I got the picture immediately.
“Well, does this mean I return the sandwich?”
“No, enjoy it. It was my mistake.”
The pages are rich with priceless exchanges and encounters like this – with Jimi Hendrix, Jim Morrison, Janis Joplin and Salvador Dali (who told her she was like ‘a crow, a gothic crow’) to name just a few. Perhaps it borders on name-dropping tedium, but Smith writes with such sincerity that you can’t help but feel she’s just trying to render an accurate picture of what her life was like and these happen to be the people who populated her cityscape.
The saddest strand that is woven through – Patti’s black ribbon against her white shirt – is death. Smith reflects, when she first enters the coveted back room at Max’s Kansas City and looks around ‘at everyone bathed in the blood light’, that ‘few would survive the cruel plagues of a generation’. Deaths abound, but none is sadder than Robert Mapplethorpe’s, which opens and closes the book. The last pages of the book had me in tears. Towards the end, they meet in LA for Mapplethorpe to take a photograph of Smith, now pregnant by her husband, for the cover of her album. Mapplethorpe is very ill from AIDS but ‘somehow he marshalled his energies and took the picture’:
Within that moment was trust, compassion, and our mutual sense of irony. He was carrying death within him and I was carrying life. We were both aware of that, I know.
It was a simple photograph. My hair is braided like Frida Kahlo’s. The sun is in my eyes. And I am looking at Robert and he is alive.
Later:
“We never had any children,” he said ruefully.

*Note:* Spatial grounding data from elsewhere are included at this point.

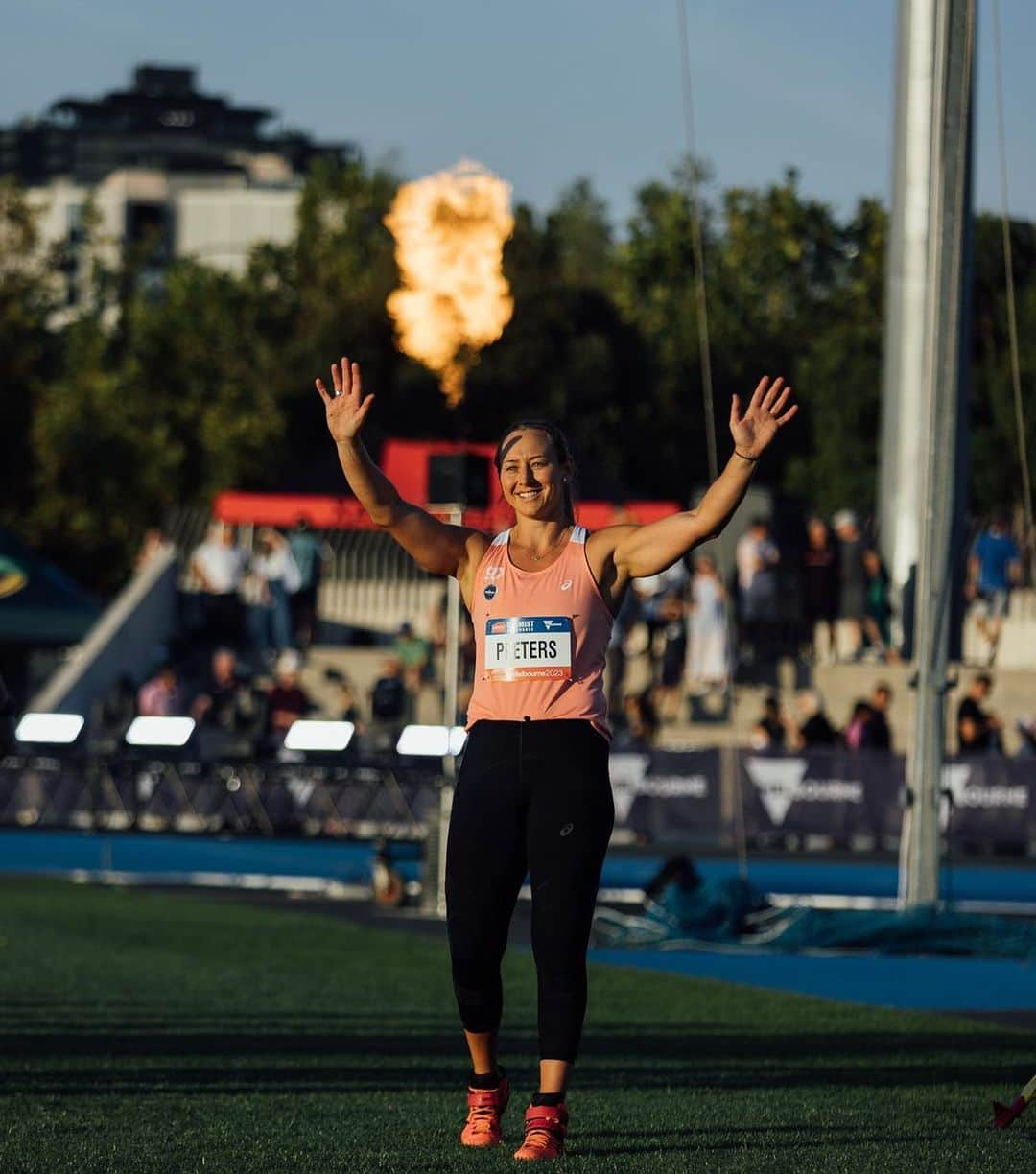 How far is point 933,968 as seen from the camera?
15336mm

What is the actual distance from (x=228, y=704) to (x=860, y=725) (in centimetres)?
728

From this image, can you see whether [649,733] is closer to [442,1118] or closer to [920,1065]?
[920,1065]

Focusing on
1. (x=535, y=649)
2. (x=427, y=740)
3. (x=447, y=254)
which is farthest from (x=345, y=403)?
(x=427, y=740)

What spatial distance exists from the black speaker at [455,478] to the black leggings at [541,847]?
35.9 feet

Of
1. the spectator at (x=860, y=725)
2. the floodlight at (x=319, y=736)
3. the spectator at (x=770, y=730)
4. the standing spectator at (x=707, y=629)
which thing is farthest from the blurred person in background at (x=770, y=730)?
the floodlight at (x=319, y=736)

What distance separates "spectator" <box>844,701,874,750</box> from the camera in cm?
2589

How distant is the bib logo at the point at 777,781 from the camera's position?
1008 inches

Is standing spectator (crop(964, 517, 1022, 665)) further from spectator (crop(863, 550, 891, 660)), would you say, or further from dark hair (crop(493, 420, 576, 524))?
dark hair (crop(493, 420, 576, 524))

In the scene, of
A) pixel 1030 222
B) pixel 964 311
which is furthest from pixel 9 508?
pixel 964 311

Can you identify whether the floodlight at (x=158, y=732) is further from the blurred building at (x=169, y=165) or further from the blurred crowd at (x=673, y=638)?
the blurred building at (x=169, y=165)

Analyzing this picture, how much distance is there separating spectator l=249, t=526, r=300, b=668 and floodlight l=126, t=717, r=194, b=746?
28.2 ft

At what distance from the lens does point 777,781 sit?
84.2 feet

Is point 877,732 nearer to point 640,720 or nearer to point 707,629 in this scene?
point 640,720

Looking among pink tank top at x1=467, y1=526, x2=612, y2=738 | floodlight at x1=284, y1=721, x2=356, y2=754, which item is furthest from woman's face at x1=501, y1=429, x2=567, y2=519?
floodlight at x1=284, y1=721, x2=356, y2=754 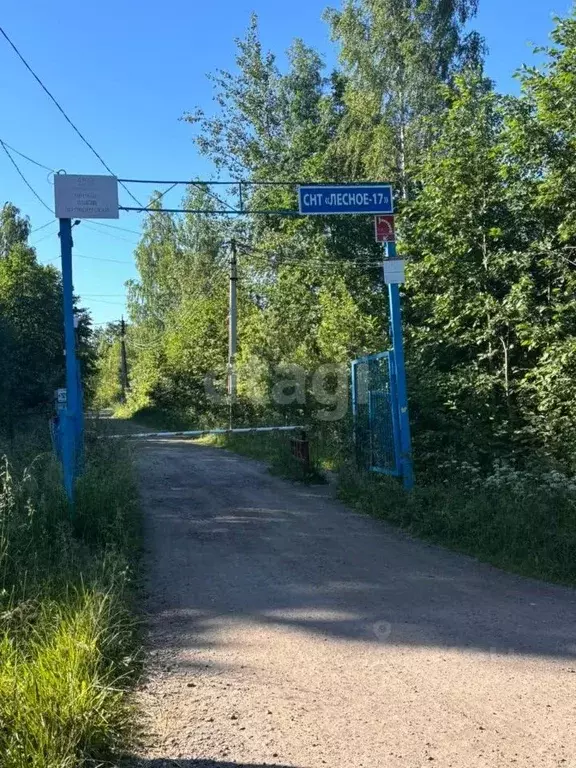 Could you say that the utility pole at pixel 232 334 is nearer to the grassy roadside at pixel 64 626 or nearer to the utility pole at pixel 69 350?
the utility pole at pixel 69 350

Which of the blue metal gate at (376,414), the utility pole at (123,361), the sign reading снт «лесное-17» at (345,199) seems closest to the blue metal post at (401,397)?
the blue metal gate at (376,414)

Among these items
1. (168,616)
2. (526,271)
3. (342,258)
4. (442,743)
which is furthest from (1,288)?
(442,743)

“Our work was our children.”
Just Kids is a chronicle not just of an exciting time and place, but of a loving, supportive, creative and utterly unique relationship. Wildly, childishly romantic it may be, but so sincere and beautiful is Smith’s writing that you can’t help but feel she did share a deep wordless bond with Mapplethorpe, that they really were meant to find each other, they were in some way blessed. “Patti, nobody sees as we do,” said Mapplethorpe. It is them versus the world and here is their struggle – poor, ill, failing, yet bound together, happy in each other and ecstatic in each other’s work.

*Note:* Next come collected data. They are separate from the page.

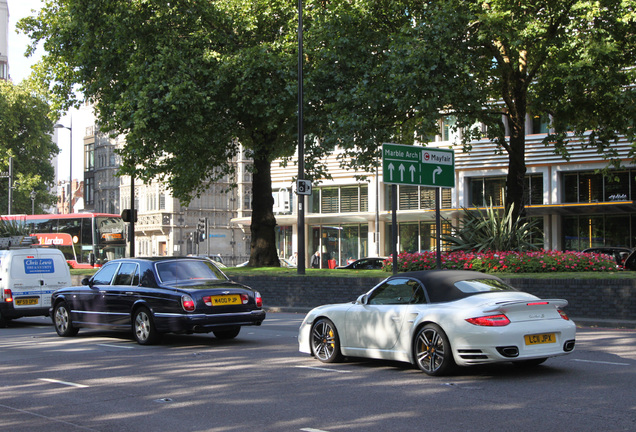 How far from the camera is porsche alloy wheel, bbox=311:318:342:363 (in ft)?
34.6

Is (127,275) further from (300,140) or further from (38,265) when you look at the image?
(300,140)

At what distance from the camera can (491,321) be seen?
28.3 ft

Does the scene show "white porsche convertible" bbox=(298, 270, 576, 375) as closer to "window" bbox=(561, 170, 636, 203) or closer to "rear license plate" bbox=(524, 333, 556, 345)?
"rear license plate" bbox=(524, 333, 556, 345)

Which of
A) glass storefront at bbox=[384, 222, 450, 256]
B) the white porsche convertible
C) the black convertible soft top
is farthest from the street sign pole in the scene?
glass storefront at bbox=[384, 222, 450, 256]

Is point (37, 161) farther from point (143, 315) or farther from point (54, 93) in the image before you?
point (143, 315)

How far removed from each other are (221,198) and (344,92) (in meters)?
58.6

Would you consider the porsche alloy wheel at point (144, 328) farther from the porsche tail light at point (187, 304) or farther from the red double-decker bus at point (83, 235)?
the red double-decker bus at point (83, 235)

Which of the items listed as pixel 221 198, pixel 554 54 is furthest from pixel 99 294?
pixel 221 198

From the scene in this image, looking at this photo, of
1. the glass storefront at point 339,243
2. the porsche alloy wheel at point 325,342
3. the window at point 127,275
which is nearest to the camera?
the porsche alloy wheel at point 325,342

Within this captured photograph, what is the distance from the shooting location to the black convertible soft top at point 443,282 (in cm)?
928

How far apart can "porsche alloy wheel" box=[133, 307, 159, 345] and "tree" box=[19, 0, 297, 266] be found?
34.7ft

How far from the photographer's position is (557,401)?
24.6ft

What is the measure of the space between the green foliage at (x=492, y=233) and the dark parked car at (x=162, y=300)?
9497 millimetres

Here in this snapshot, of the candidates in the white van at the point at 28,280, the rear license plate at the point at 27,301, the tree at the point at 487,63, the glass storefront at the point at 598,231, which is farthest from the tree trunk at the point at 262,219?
the glass storefront at the point at 598,231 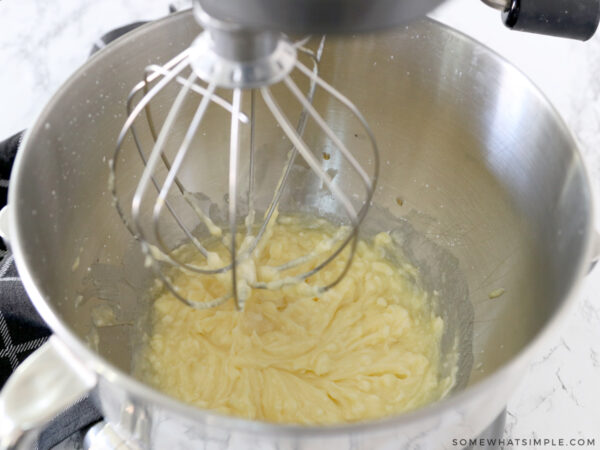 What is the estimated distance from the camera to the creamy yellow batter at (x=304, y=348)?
36.4 inches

I meant to read Just Kids while I was staying with friends in New York, but ended up not beginning it until I got on the plane to go home. By then it was too late to wander the haunts of Patti Smith and Robert Mapplethorpe – the streets and cafes, the bars and of course the Chelsea Hotel – their New York, which is recorded in the book as precisely as Joyce’s Dublin in Ulysses. From what I saw of New York when I was there, however, their city is gone. Theirs was a world preoccupied with talent, art and genius, not the dream of money and designer clothes which seems to preside over the city now.

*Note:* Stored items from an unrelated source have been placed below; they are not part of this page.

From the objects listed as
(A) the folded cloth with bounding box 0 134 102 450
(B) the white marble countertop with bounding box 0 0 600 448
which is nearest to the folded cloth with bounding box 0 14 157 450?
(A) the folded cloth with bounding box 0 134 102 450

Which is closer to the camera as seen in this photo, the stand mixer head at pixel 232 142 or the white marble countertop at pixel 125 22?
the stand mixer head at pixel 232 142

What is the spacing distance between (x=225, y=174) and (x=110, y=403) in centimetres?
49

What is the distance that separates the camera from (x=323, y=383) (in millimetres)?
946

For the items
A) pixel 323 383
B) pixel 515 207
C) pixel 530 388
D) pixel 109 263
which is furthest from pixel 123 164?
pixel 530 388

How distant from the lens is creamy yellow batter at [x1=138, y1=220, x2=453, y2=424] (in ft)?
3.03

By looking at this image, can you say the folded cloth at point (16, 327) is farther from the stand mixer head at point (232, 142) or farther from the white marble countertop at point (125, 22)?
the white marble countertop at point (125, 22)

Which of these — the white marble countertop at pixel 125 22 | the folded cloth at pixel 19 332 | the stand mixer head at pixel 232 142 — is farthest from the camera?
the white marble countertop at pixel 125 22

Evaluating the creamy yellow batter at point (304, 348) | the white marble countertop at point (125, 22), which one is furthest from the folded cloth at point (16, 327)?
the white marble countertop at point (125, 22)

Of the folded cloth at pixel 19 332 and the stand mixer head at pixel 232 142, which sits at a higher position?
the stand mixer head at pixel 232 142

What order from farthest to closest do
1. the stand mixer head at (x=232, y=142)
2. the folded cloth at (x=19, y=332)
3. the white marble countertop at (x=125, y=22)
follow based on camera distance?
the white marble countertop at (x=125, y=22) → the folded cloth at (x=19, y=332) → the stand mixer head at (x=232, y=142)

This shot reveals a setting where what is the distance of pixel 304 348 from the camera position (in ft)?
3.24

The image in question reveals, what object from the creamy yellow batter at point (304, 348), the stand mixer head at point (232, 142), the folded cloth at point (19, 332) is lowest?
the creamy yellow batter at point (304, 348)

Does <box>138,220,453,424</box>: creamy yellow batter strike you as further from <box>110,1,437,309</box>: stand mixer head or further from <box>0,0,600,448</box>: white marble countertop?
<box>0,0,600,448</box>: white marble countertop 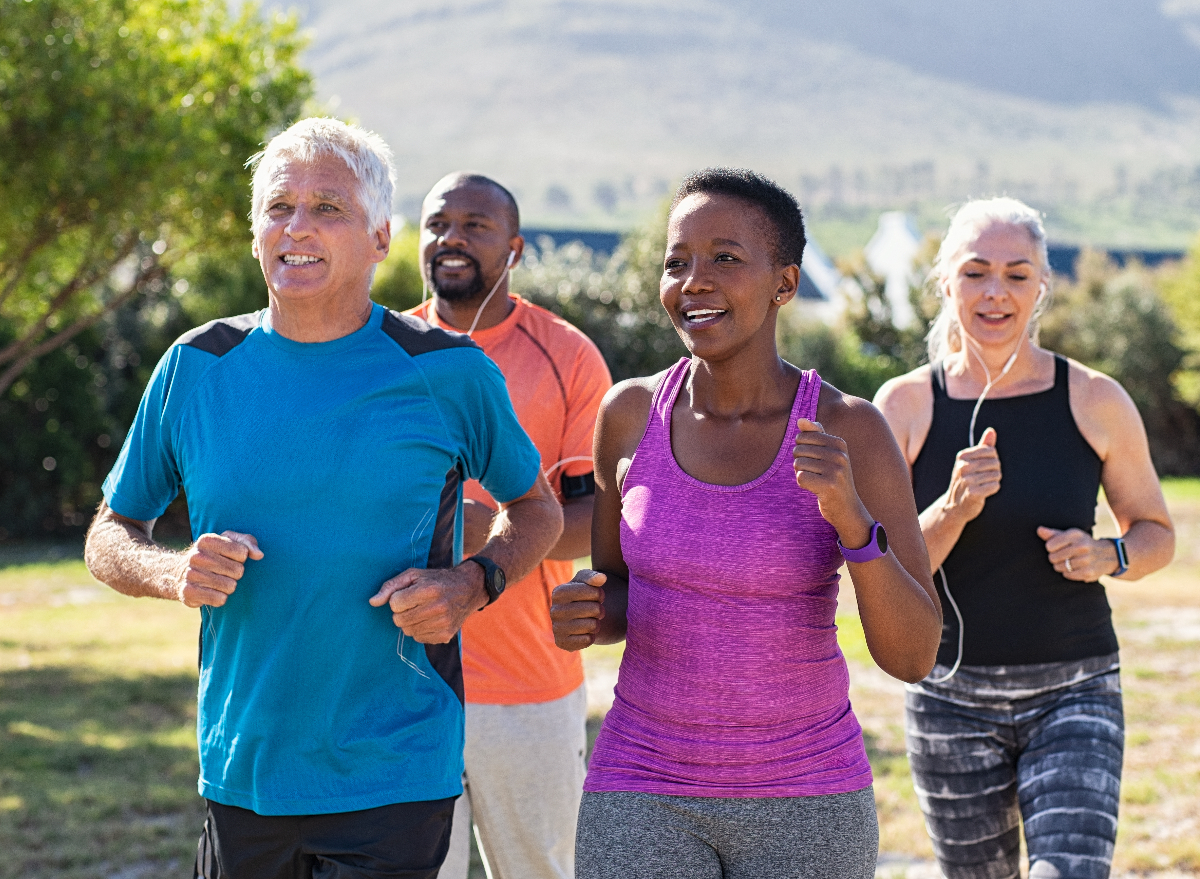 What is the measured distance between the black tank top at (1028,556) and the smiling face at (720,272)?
4.63 ft

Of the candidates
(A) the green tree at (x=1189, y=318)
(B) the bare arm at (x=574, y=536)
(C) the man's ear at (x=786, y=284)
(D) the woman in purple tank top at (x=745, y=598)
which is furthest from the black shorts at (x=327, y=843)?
(A) the green tree at (x=1189, y=318)

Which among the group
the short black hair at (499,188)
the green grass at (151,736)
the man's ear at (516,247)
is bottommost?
the green grass at (151,736)

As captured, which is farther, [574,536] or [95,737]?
[95,737]

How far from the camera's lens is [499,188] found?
463 centimetres

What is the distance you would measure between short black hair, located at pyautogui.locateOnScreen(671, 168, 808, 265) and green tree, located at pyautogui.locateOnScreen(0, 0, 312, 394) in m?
8.17

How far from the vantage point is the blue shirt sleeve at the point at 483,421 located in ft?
10.2

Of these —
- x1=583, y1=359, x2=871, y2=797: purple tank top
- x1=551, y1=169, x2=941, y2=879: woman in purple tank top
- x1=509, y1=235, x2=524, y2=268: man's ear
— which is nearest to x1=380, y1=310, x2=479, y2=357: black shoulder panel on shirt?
x1=551, y1=169, x2=941, y2=879: woman in purple tank top

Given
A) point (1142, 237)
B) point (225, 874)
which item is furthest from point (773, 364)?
point (1142, 237)

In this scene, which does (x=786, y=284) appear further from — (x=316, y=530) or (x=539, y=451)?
(x=539, y=451)

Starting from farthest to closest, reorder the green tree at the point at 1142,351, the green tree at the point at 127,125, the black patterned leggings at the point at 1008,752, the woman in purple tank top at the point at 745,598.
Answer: the green tree at the point at 1142,351
the green tree at the point at 127,125
the black patterned leggings at the point at 1008,752
the woman in purple tank top at the point at 745,598

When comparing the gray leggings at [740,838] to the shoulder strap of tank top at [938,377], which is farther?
the shoulder strap of tank top at [938,377]

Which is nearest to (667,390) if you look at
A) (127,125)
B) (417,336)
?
(417,336)

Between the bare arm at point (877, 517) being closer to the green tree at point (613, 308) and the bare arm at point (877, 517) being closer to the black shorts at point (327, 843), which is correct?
the black shorts at point (327, 843)

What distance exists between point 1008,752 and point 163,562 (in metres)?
2.43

Finishing it on this rainy Monday morning back in London, crying into my coffee at the heartbreaking ending, I’m left with sad nostalgia for their explosive, vibrant world and all those artists who sacrificed their lives to it. Yet, it has also left me feeling inspired and all the more determined to succeed with my own work. Sure I’m no Patti Smith but, like the younger her, I work in a bookshop, I love anchovy sandwiches and I can certainly empathise with her struggle to write and stay true to her art. I’m sure that most artists, writers or musicians at the dawn of their careers will only take heart from her story, and find in it nourishment to bolster their strength for the tough struggle onwards.
Nostalgia and sadness for what is lost, balanced by inspiration and courage for one’s own life. These are exactly the feelings that should be conjured by a truly remarkable memoir.